Historians immediately point out that the 1949 World Almanac does not list that figure for the world Jewish population. Instead, the increased number was taken from an erroneous Senate Judiciary Committee report in 1950. Anybody looking in the 1949 World Almanac would instead see the figure of 11,266,600, along with a revision of the 1939 population upwards to more than 16-and-a-half million.
Another argument stems from the change to a commemorative plaque at Auschwitz. Until 1994, the plaque read “Four million people suffered and died here at the hands of the Nazi murderers between the years 1940 and 1945.” In 1991, that plaque was replaced with a new one that listed only one and a half million victims, “a majority of them Jews.” Deniers quickly pointed to the revision as proof that the numbers were inflated.
Bradley Smith, a prominent denier who gained notoriety by sending ads to college newspapers questioning facts about the Holocaust, sent out an ad in 1992:
The Auschwitz State Museum has recently revised its half-century-old claim that 4 million humans were murdered there. The Museum now says maybe it was 1 million. But what proof does the Museum provide to document the 1 million figure? None! The communist propagandists who manage the museum have put on display piles of hair, boots and eyeglasses, etc. While such displays are effective propaganda devices, they are worthless as historical documentation for ‘gassings’ or a program of ‘extermination.’
Meanwhile, Revisionists want to know where those 3 million souls have been the last 45 years. Were they part of the fabled Six Million?
In fact, the actual numbers were inflated, but not by Jewish historians trying to guilt the world into compensation.
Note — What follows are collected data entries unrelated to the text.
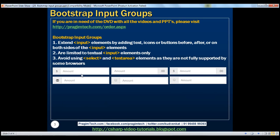Notice within this first example, we have placed the text $ before the input element. In this example, we have placed the text .00 after the input element. In this example, we have text placed on either side of the input element. In this example, we have placed this icon before the input element. And here we have a checkbox and a radio button. Let's look at all these in action.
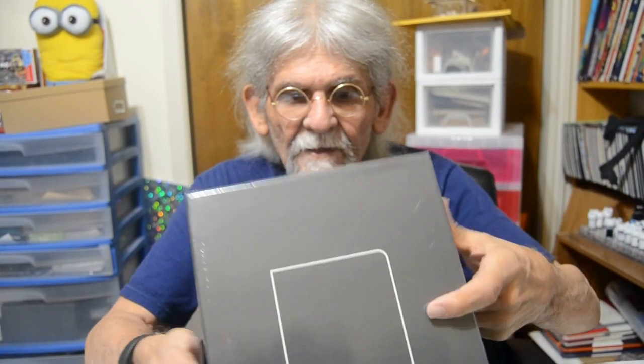And then I'll be showing you on the next review the Baron Fig Confidant blank paper. Comes in a nice box.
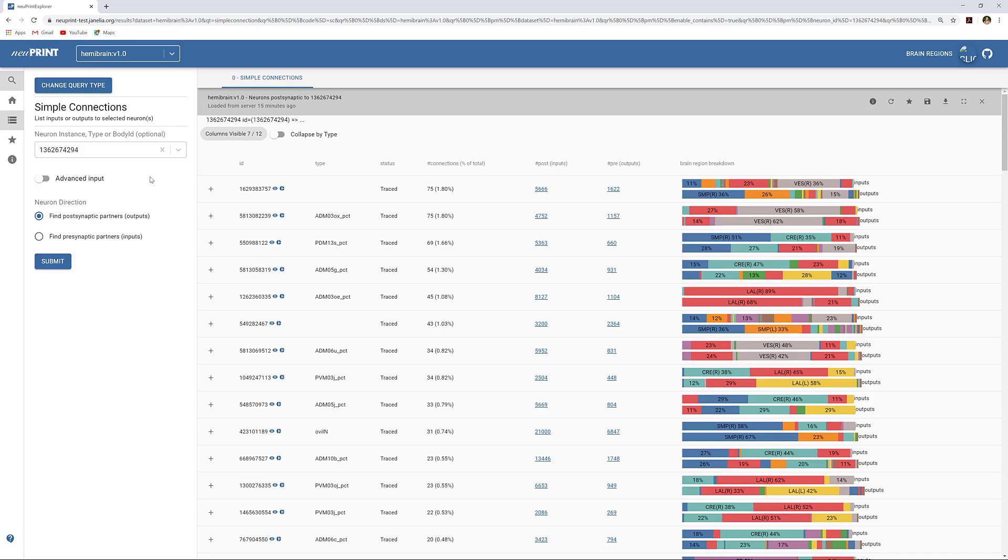This video will go through how to suggest edits to bodies in NeuPrint. To begin, make sure you are working in the most recent dataset.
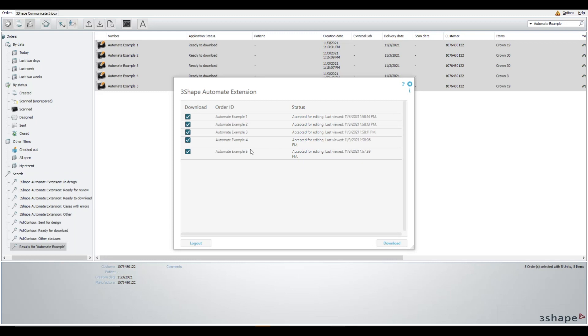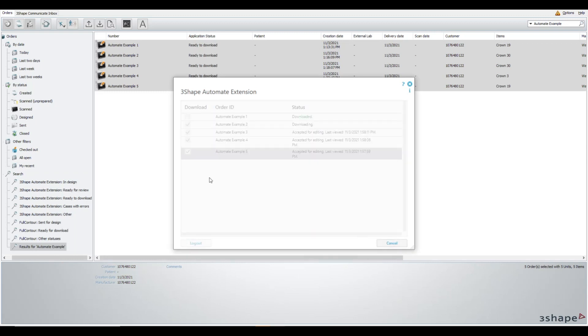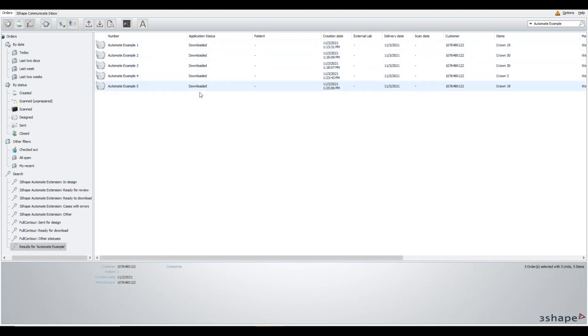You'll see them download here, which is super simple, a great and easy batch workflow for uploading, previewing, downloading inside Dental System 2021.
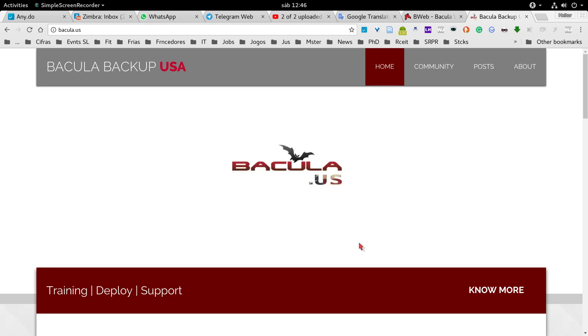Hello, my name is Heitor from Bacula.us. We are a backup specialist company.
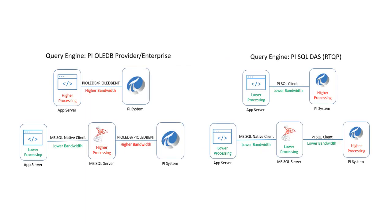From a machine resource perspective, using a SQL server linked server allows all of your connections to go through the SQL server, which is a server. This allows your client to be thin and pass off all the work to the SQL server, even if you're using PI OLEDB provider and PI OLEDB enterprise, which are executed client side for the query processing, because in this case, the client itself would be the SQL server and your client for the application is a true thin client.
The Soviets overstated the number of non-Jewish victims for propaganda purposes. A noted historian, Raul Hillberg, estimated just over a million deaths at Auschwitz. He did that in 1950, and estimates by historians such as him have been always been the scholarly basis for determining the number of victims.
Tactics Dissected
Debating whether the figure of six million is inflated is just tip of the iceberg. Other denial arguments center on the use of gas chambers in Nazi concentration camps. Still others question the role of top Nazi officials, pointing out that no document exists with Hitler’s signature that instructs, “Kill all the Jews.”
Additionally, there are other minor details of the Holocaust that come up for questioning. The piles of hair, boots, and other gleanings from the victims of concentration camps are often criticized. Some cite this as a propaganda creation rather than actual Nazi collections. Others have criticized Anne Frank‘s diary, contending it was a postwar forgery
Like the above theories, all Holocaust denial, reflects a specific approach. The primary goal is usually to undermine a specific claim by ignoring the whole body of historical evidence and instead targeting a single, sometimes obscure, fact. This is perhaps the defining tactic of Holocaust denial.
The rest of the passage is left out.